Le jeune Algarotti, que vous connaissez, m’a plu on ne saurait davantage. Il m’a promis de revenir ici aussitôt qu’il lui serait possible. Nous avons bien parlé de vous, de géométrie, de vers, de toutes les sciences, de badineries, enfin de tout ce dont on peut parler. Il a beaucoup de feu, de vivacité et de douceur, ce qui m’accommode on ne saurait mieux. Il a composé une cantate qu’on a mise aussitôt en musique, et dont on a été très-satisfait. Nous nous sommes séparés avec regret, et je crains fort de ne revoir de longtemps dans ces contrées d’aussi aimables personnes.

Nous attendons, cette semaine, le marquis de La Chétardie, duquel il faudra prendre encore un triste congé. Je ne sais ce que c’est que ce M. Valori ; mais j’en ai ouï parler comme d’un homme qui n’avait pas le ton de la bonne compagnie. Monsieur le cardinal aurait bien pu se passer de nous envoyer cet homme et de nous ôter La Chétardie, qui est, en tous sens, un très-aimable garçon.

Soyez sûr qu’ici, a Remusberg, nous nous embarrassons aussi peu de guerre que s’il n’y en avait point dans le monde. Je travaille actuellement à Machiavel, interrompu quelquefois par des importuns dont la race n’est pas éteinte, malgré les coups de foudre que leur lança Molière. Je réfute Machiavel, chapitre par chapitre ; il y en a quelques-uns de faits, mais j’attends qu’ils soient tous achevés pour les corriger. Alors vous serez le premier qui verrez l’ouvrage, et il ne sortira de mes mains qu’après que le feu de votre génie l’aura épuré.

J’attends vos corrections sur la Préface de la Henriade, afin d’y changer ce que vous avez trouvé à propos ; après quoi la Henriade volera sous la presse.

J’ai fait construire une tour au haut de laquelle je placerai un observatoire. L’étage d’en bas devient une grotte ; le second, une salle pour des instruments de physique ; le troisième, une petite imprimerie.
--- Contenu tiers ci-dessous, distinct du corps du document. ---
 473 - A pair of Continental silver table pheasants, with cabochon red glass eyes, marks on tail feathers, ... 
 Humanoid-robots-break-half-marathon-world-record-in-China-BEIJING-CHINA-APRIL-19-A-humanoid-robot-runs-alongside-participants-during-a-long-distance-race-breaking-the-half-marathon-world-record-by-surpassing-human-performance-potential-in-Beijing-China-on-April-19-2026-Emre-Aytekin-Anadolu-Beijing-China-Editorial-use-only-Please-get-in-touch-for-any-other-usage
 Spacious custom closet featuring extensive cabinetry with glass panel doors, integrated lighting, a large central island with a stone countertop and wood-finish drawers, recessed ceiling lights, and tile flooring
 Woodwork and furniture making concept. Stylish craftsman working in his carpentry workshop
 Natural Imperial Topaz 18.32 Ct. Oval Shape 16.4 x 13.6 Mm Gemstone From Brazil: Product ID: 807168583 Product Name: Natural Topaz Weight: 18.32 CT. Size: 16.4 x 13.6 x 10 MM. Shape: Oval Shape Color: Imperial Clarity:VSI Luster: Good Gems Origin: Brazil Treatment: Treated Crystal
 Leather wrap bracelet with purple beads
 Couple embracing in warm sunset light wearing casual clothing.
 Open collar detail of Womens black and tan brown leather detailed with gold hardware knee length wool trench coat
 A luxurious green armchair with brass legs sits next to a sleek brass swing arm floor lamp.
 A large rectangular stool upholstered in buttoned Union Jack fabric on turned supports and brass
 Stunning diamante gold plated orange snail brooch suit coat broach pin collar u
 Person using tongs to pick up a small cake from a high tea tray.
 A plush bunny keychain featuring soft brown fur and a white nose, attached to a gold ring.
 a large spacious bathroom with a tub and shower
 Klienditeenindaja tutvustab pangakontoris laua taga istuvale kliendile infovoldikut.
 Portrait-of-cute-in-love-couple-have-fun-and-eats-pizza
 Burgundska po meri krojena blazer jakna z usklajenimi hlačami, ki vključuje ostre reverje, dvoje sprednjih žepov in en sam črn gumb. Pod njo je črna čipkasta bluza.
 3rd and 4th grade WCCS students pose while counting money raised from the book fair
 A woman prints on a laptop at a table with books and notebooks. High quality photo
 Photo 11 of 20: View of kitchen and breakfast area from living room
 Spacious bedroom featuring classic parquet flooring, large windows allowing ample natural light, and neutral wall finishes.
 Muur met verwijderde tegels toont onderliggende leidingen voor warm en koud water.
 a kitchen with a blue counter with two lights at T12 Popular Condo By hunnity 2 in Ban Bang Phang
Cette tour est attachée à ma bibliothèque par le moyen d’une colonnade au haut de laquelle règne une plate-forme.

Je vous en envoie le dessin pour vous amuser, en attendant que l’on construise l’Hôtel de Ville et les marchés de Paris.

J’attends de vos nouvelles avec beaucoup d’impatience, et je vous prie de me croire de vos amis, autant qu’il est possible de l’être,

Fédéric.

Césarion ne veut pas que je sois son interprète ; il aime mieux vous écrire lui-même.

  1. Èpitre sur la Liberté, adressée à milord Baltimore.